TASK DIRECTIONS.
The pictures do not go in the copy. Reproduce the rest of the entries exactly.

DATA SECTION.

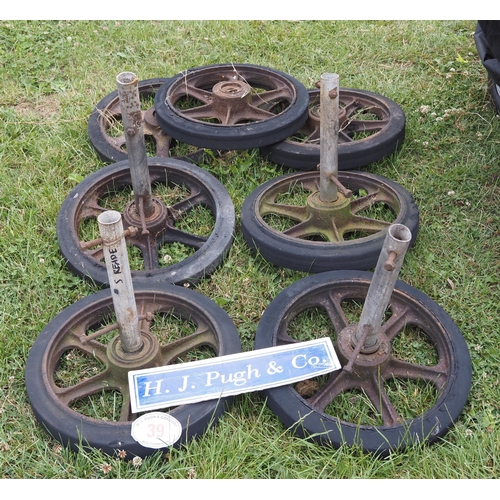 39 - Cast iron and rubber wheels - 7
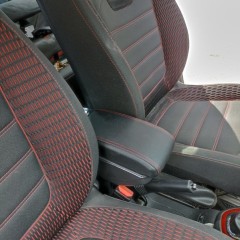 Фото покупателя: Подлокотник для Renault Kaptur I 2016+ c USB красная строчка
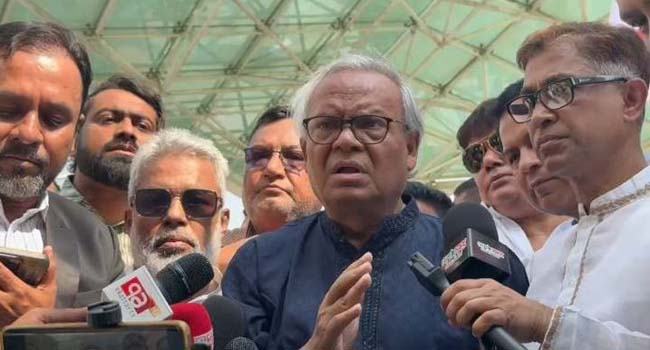 হাসিনার ভয়ঙ্কর পরিকল্পনা নস্যাৎ করতে দ্রুত জাতীয় নির্বাচন দিতে হবে : রিজভী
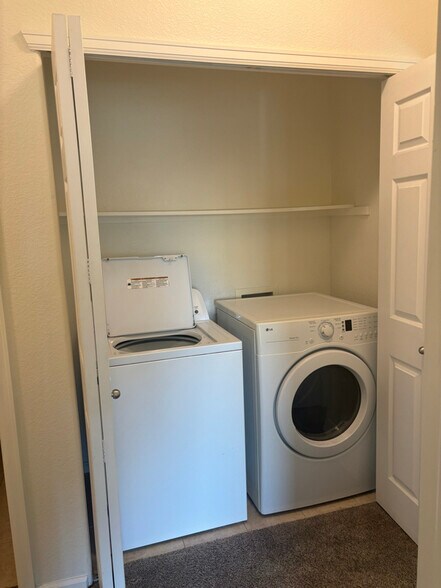 Building Photo - 2803 Kansas Dr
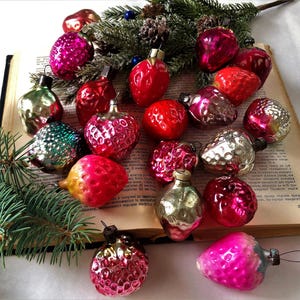 Adornos de fresa vintage – Juego de 20 adornos navideños de vidrio – Decoración de árbol frutal de la URSS de los años 50 – Encanto navideño retro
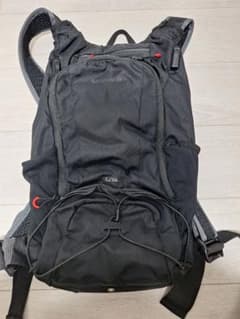 【新品未使用】シマノ U14 サイクリングバックパック ブラック&レッドのサムネイル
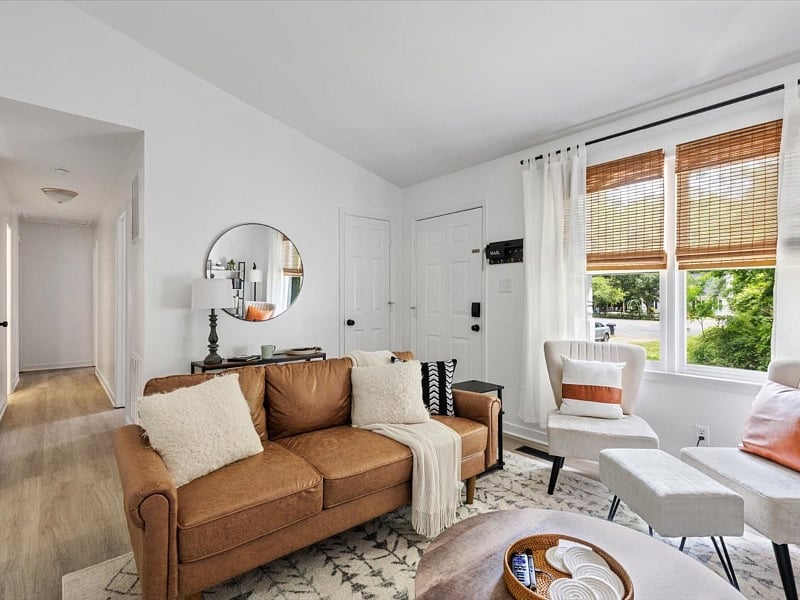 Furnished Finder property 533629_1 photo 3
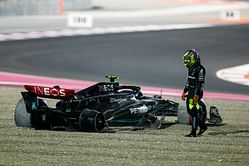 Lewis Hamilton “supporting” George Russell despite their opening lap crash that ended the 7x champion’s race early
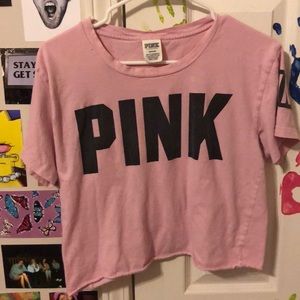 pink cropped t-shirt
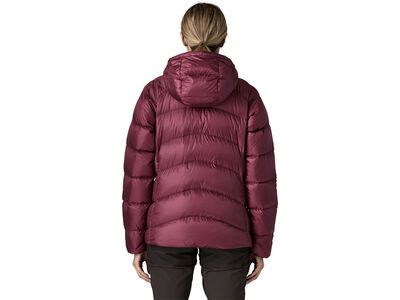 Patagonia Women's Fitz Roy Down Hoody, berry fig - Bild 4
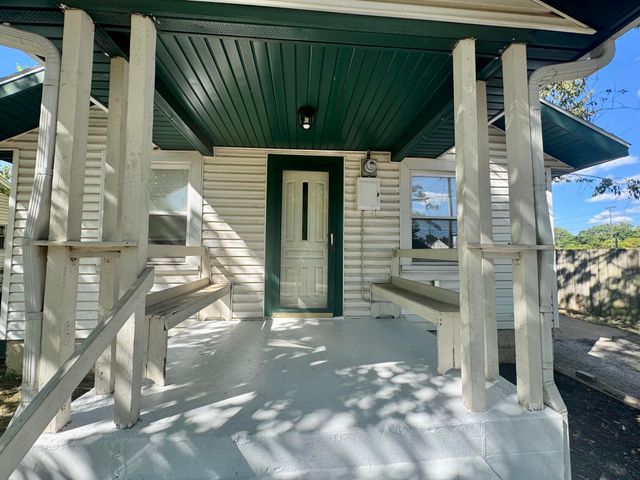 1411 W Lynn Street, Springfield, MO 65802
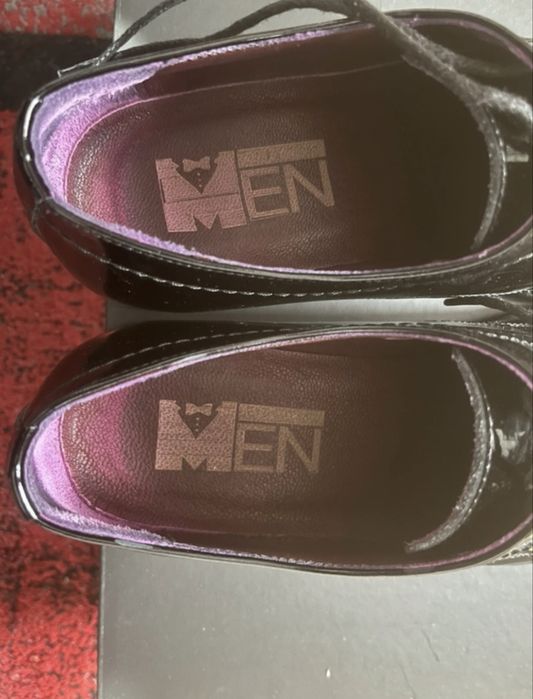 Pantofi barbati luciosi, eleganti marime 40 (potrivit pentru 41/42)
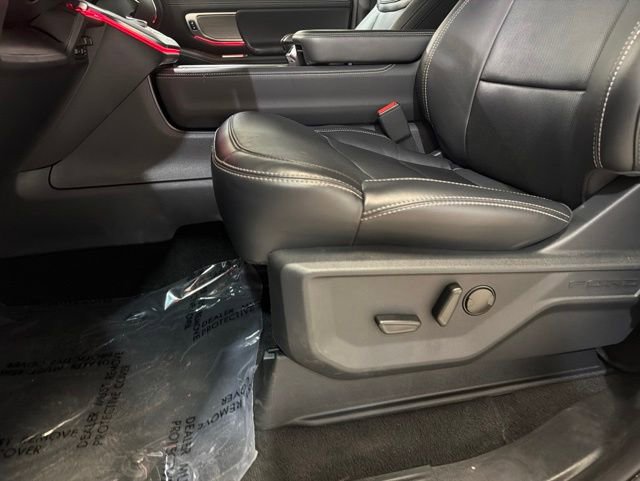 Used 2025 Ford Expedition Platinum AWD/4WD image 11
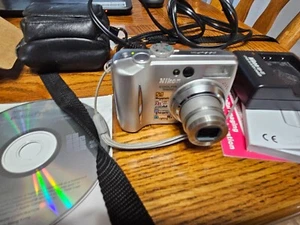 Nikon COOLPIX 5900 5.0MP Digital Camera Silver With Battery (WORKS) - Picture 1 of 10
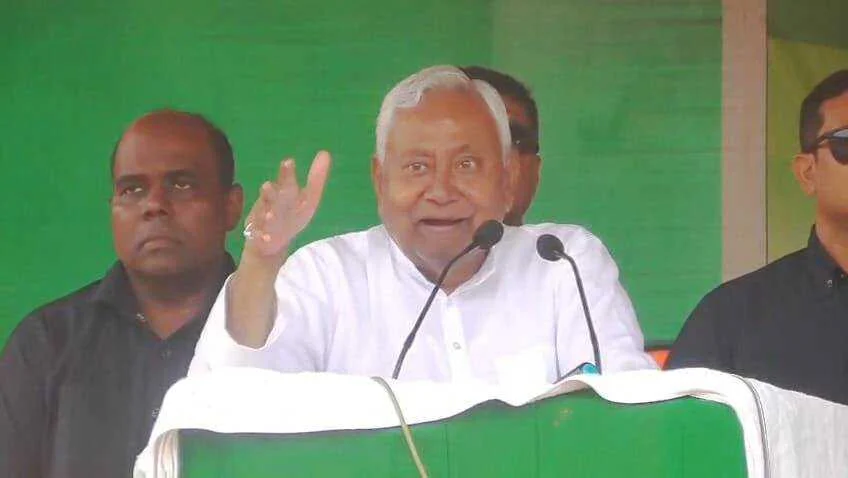 नीतीश कुमार पहुंचे राजगीर विधानसभा के राजकीय उच्च विद्यालय सरबहदी जनसभा को किया संबोधित, भाषण के दौरान छह बार लालू प्रसाद यादव पर साधा निशाना 1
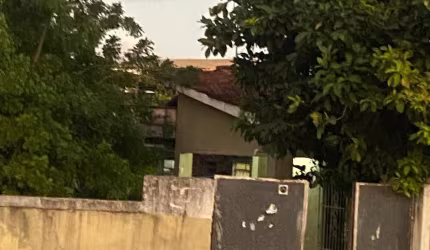 Vende-se Casa com terreno de esquina em Jardim São Paulo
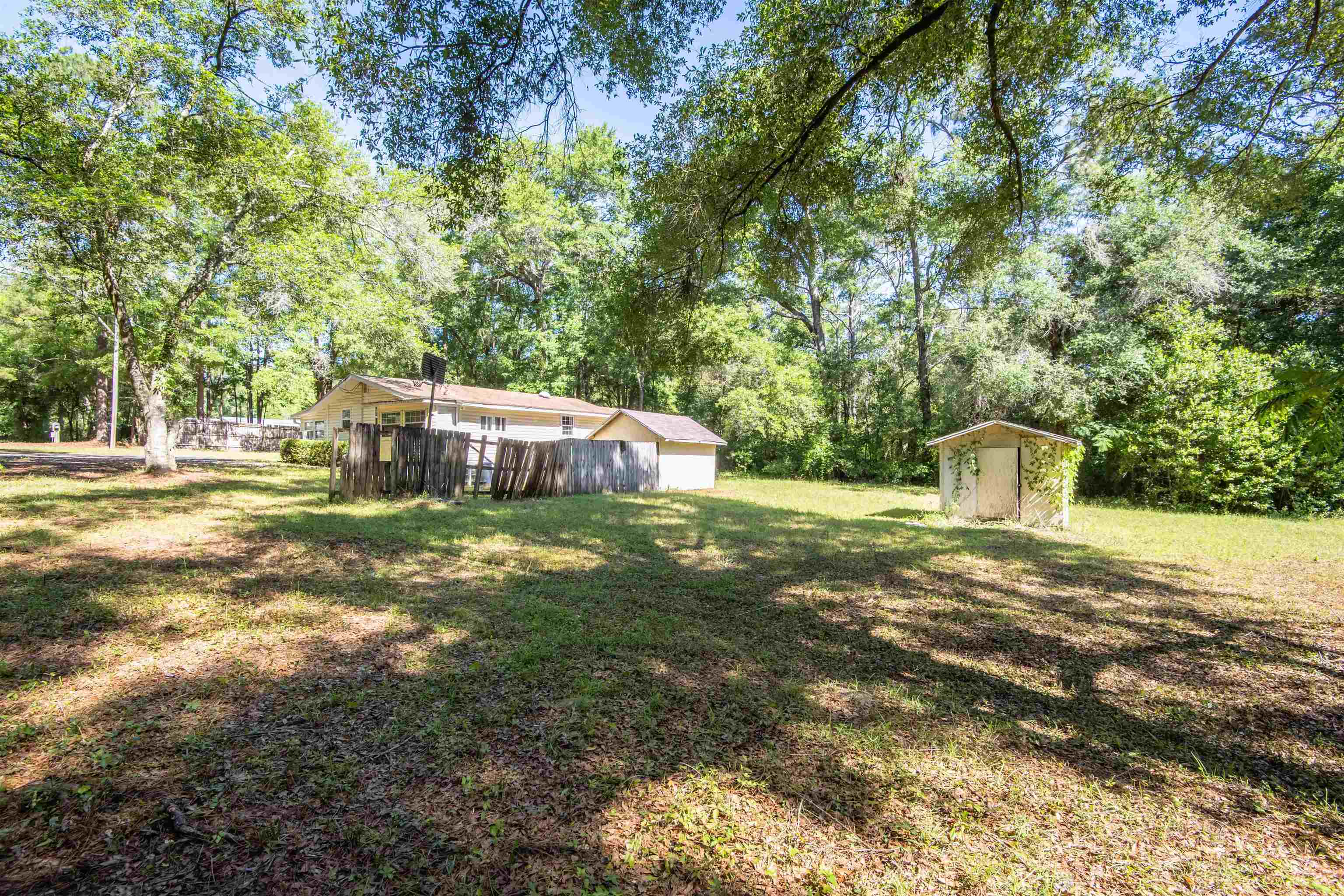 4135 Hjk Howard Road Tallahassee, FL 32305 - Photo 2 of 42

EXERCISE RESULT.
 39 - Cast iron and rubber wheels - 7
 Фото покупателя: Подлокотник для Renault Kaptur I 2016+ c USB красная строчка
 হাসিনার ভয়ঙ্কর পরিকল্পনা নস্যাৎ করতে দ্রুত জাতীয় নির্বাচন দিতে হবে : রিজভী
 Building Photo - 2803 Kansas Dr
 Adornos de fresa vintage – Juego de 20 adornos navideños de vidrio – Decoración de árbol frutal de la URSS de los años 50 – Encanto navideño retro
 【新品未使用】シマノ U14 サイクリングバックパック ブラック&レッドのサムネイル
 Furnished Finder property 533629_1 photo 3
 Lewis Hamilton “supporting” George Russell despite their opening lap crash that ended the 7x champion’s race early
 pink cropped t-shirt
 Patagonia Women's Fitz Roy Down Hoody, berry fig - Bild 4
 1411 W Lynn Street, Springfield, MO 65802
 Pantofi barbati luciosi, eleganti marime 40 (potrivit pentru 41/42)
 Used 2025 Ford Expedition Platinum AWD/4WD image 11
 Nikon COOLPIX 5900 5.0MP Digital Camera Silver With Battery (WORKS) - Picture 1 of 10
 नीतीश कुमार पहुंचे राजगीर विधानसभा के राजकीय उच्च विद्यालय सरबहदी जनसभा को किया संबोधित, भाषण के दौरान छह बार लालू प्रसाद यादव पर साधा निशाना 1
 Vende-se Casa com terreno de esquina em Jardim São Paulo
 4135 Hjk Howard Road Tallahassee, FL 32305 - Photo 2 of 42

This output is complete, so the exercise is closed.